Bir VPN Sizi Kötü Amaçlı Yazılımlardan Korur mu?
Bir VPN ve antivirüs yazılımı, benzersiz koruma seviyeleri sunar. Her ikisi de kapsamlı bir siber güvenlik planı için gereklidir. Birleşik etkilerine bakmanın bir yolu, güvenlik ve anonimliktir.
Bir VPN, çevrimiçi etkinliklerinizi meraklı gözlerden korur. Virüsten koruma ve diğer benzer koruma önlemleri, cihazlarınızı virüsler ve fidye yazılımları gibi kötü amaçlı yazılımlardan korur.
Şimdi hangisi daha etkili: VPN mi yoksa antivirüs programı mı?
Soruya cevap vermenin bir yolu yok. Sizi korudukları tehditlerin çeşitliliği nedeniyle hem antivirüs hem de VPN yazılımı gereklidir.

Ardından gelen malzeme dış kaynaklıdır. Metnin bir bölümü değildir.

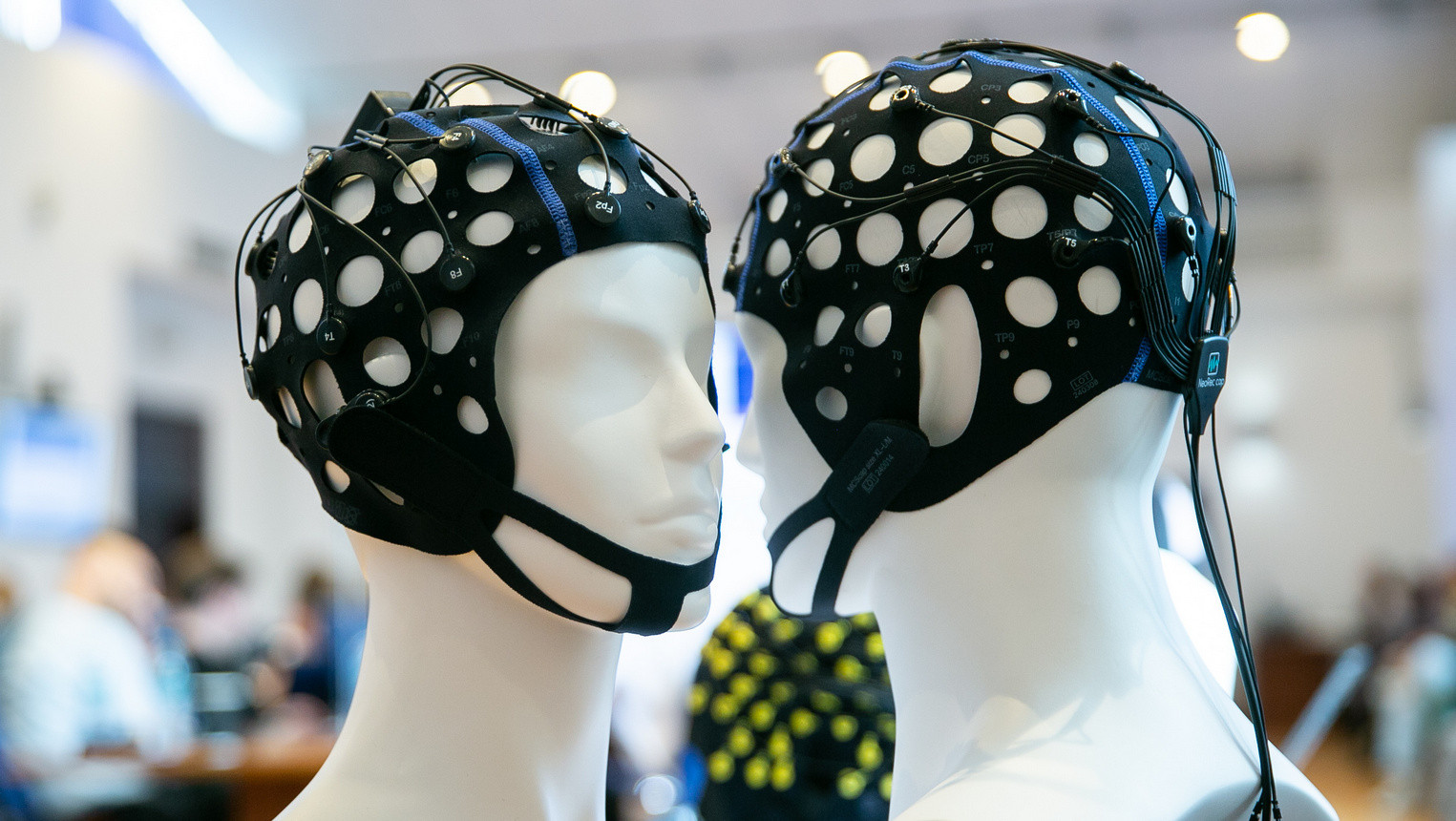 Фото: пресс-служба НИУ ВШЭ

İnternette gezinirken kendinizi bir VPN ile izleme, ortadaki adam saldırıları, Wi-Fi gözetleme ve daha fazlasından koruyun. Kötü niyetli bir bağlantıya tıklarsanız, virüsten koruma yazılımınız hasarı kontrol altına almak için devreye girer.
Çözüm
Ne yazık ki, kötü amaçlı yazılımlara karşı korumalı bir uygulama yok. Durum böyle olsa da, mevcut kaynaklarda büyük yardım bulabilirsiniz. Örneğin bir güvenlik duvarı, zararlı verilerin sisteminize girmesini veya sisteminizden çıkmasını engeller. Kötü amaçlı yazılımların ortadan kaldırılmasına yardımcı olmak için bir virüsten koruma yazılımı kullanın. Ve bir VPN, kötü amaçlı yazılımların iletişim kurmasını önleyecek ve günün veya gecenin herhangi bir saatinde gizliliğinizi artıracaktır.